(Web page caption snippets)
Content starts
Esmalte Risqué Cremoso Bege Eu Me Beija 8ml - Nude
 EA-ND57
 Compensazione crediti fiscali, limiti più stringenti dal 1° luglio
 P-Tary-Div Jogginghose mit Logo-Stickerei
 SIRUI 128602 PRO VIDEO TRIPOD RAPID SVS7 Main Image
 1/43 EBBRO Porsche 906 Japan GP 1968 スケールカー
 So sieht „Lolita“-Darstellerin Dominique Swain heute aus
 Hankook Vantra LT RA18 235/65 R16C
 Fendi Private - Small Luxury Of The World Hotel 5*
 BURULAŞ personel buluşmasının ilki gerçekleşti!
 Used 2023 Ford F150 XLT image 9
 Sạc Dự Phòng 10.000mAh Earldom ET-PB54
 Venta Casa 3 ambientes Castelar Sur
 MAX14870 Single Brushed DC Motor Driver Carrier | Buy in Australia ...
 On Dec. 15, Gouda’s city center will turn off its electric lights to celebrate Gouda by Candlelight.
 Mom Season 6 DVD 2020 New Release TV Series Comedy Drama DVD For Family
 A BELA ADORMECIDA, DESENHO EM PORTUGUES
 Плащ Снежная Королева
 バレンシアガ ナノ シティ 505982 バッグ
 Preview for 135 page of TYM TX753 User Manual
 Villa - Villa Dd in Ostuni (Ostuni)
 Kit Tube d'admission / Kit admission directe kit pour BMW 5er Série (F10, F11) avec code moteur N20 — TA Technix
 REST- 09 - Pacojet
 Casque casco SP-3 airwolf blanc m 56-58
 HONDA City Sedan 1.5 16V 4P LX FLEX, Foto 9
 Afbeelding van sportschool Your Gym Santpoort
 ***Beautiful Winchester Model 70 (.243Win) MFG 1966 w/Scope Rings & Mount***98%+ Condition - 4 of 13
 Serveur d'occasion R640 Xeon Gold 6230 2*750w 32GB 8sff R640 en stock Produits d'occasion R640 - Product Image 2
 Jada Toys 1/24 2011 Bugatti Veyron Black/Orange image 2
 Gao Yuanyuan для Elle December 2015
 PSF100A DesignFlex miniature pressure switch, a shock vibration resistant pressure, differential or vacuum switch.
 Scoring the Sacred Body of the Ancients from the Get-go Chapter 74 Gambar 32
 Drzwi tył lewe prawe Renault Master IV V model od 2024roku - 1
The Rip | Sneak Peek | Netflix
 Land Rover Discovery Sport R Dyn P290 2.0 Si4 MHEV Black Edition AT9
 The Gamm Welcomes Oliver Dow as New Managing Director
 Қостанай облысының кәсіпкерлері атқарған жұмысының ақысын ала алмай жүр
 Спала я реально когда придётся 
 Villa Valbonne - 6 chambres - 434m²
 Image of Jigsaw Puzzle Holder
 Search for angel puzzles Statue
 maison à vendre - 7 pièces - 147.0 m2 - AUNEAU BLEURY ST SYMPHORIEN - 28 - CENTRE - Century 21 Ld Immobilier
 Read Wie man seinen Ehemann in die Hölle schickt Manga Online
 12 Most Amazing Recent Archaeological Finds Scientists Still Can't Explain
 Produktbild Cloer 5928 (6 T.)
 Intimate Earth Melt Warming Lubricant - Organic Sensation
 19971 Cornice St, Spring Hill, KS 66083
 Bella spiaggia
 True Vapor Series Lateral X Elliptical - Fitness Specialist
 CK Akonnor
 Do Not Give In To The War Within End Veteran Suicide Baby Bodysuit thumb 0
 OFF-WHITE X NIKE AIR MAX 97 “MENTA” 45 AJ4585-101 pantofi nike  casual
Content ends
PROBLEM REQUIREMENTS: All of the data above needs to be written out exactly.

EXERCISE RESULT:
Esmalte Risqué Cremoso Bege Eu Me Beija 8ml - Nude
 EA-ND57
 Compensazione crediti fiscali, limiti più stringenti dal 1° luglio
 P-Tary-Div Jogginghose mit Logo-Stickerei
 SIRUI 128602 PRO VIDEO TRIPOD RAPID SVS7 Main Image
 1/43 EBBRO Porsche 906 Japan GP 1968 スケールカー
 So sieht „Lolita“-Darstellerin Dominique Swain heute aus
 Hankook Vantra LT RA18 235/65 R16C
 Fendi Private - Small Luxury Of The World Hotel 5*
 BURULAŞ personel buluşmasının ilki gerçekleşti!
 Used 2023 Ford F150 XLT image 9
 Sạc Dự Phòng 10.000mAh Earldom ET-PB54
 Venta Casa 3 ambientes Castelar Sur
 MAX14870 Single Brushed DC Motor Driver Carrier | Buy in Australia ...
 On Dec. 15, Gouda’s city center will turn off its electric lights to celebrate Gouda by Candlelight.
 Mom Season 6 DVD 2020 New Release TV Series Comedy Drama DVD For Family
 A BELA ADORMECIDA, DESENHO EM PORTUGUES
 Плащ Снежная Королева
 バレンシアガ ナノ シティ 505982 バッグ
 Preview for 135 page of TYM TX753 User Manual
 Villa - Villa Dd in Ostuni (Ostuni)
 Kit Tube d'admission / Kit admission directe kit pour BMW 5er Série (F10, F11) avec code moteur N20 — TA Technix
 REST- 09 - Pacojet
 Casque casco SP-3 airwolf blanc m 56-58
 HONDA City Sedan 1.5 16V 4P LX FLEX, Foto 9
 Afbeelding van sportschool Your Gym Santpoort
 ***Beautiful Winchester Model 70 (.243Win) MFG 1966 w/Scope Rings & Mount***98%+ Condition - 4 of 13
 Serveur d'occasion R640 Xeon Gold 6230 2*750w 32GB 8sff R640 en stock Produits d'occasion R640 - Product Image 2
 Jada Toys 1/24 2011 Bugatti Veyron Black/Orange image 2
 Gao Yuanyuan для Elle December 2015
 PSF100A DesignFlex miniature pressure switch, a shock vibration resistant pressure, differential or vacuum switch.
 Scoring the Sacred Body of the Ancients from the Get-go Chapter 74 Gambar 32
 Drzwi tył lewe prawe Renault Master IV V model od 2024roku - 1
The Rip | Sneak Peek | Netflix
 Land Rover Discovery Sport R Dyn P290 2.0 Si4 MHEV Black Edition AT9
 The Gamm Welcomes Oliver Dow as New Managing Director
 Қостанай облысының кәсіпкерлері атқарған жұмысының ақысын ала алмай жүр
 Спала я реально когда придётся 
 Villa Valbonne - 6 chambres - 434m²
 Image of Jigsaw Puzzle Holder
 Search for angel puzzles Statue
 maison à vendre - 7 pièces - 147.0 m2 - AUNEAU BLEURY ST SYMPHORIEN - 28 - CENTRE - Century 21 Ld Immobilier
 Read Wie man seinen Ehemann in die Hölle schickt Manga Online
 12 Most Amazing Recent Archaeological Finds Scientists Still Can't Explain
 Produktbild Cloer 5928 (6 T.)
 Intimate Earth Melt Warming Lubricant - Organic Sensation
 19971 Cornice St, Spring Hill, KS 66083
 Bella spiaggia
 True Vapor Series Lateral X Elliptical - Fitness Specialist
 CK Akonnor
 Do Not Give In To The War Within End Veteran Suicide Baby Bodysuit thumb 0
 OFF-WHITE X NIKE AIR MAX 97 “MENTA” 45 AJ4585-101 pantofi nike  casual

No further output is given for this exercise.